Directions:
Beneath this line is the data. Output exactly the lines from the line with "白猫が引っ越し新居 案内状 (正面)" to the line with "Textured Quilted MagSafe", both ends included, and nothing more.

====== Records for processing ======

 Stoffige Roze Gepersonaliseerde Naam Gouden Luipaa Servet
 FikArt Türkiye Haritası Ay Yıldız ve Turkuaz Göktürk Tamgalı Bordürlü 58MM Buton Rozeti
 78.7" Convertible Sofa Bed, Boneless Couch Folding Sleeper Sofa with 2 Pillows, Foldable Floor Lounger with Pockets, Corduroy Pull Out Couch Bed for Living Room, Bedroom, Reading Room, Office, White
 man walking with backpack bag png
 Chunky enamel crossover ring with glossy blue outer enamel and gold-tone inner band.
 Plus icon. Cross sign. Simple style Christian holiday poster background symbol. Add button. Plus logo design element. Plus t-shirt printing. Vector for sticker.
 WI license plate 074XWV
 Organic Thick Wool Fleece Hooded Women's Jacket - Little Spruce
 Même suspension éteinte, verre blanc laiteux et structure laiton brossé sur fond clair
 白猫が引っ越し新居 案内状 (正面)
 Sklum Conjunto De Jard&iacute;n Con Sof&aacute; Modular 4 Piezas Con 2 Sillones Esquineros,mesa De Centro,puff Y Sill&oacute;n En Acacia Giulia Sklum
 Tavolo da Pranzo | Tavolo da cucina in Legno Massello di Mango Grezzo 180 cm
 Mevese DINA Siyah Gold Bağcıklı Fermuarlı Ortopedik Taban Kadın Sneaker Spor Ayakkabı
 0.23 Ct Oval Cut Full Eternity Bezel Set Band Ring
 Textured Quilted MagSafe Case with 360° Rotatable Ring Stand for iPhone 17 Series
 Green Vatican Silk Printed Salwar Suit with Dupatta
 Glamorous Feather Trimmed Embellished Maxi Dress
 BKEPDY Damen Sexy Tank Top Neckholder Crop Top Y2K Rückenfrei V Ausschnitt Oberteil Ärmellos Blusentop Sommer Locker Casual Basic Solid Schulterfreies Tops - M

======

Result for this exercise:
 白猫が引っ越し新居 案内状 (正面)
 Sklum Conjunto De Jard&iacute;n Con Sof&aacute; Modular 4 Piezas Con 2 Sillones Esquineros,mesa De Centro,puff Y Sill&oacute;n En Acacia Giulia Sklum
 Tavolo da Pranzo | Tavolo da cucina in Legno Massello di Mango Grezzo 180 cm
 Mevese DINA Siyah Gold Bağcıklı Fermuarlı Ortopedik Taban Kadın Sneaker Spor Ayakkabı
 0.23 Ct Oval Cut Full Eternity Bezel Set Band Ring
 Textured Quilted MagSafe Case with 360° Rotatable Ring Stand for iPhone 17 Series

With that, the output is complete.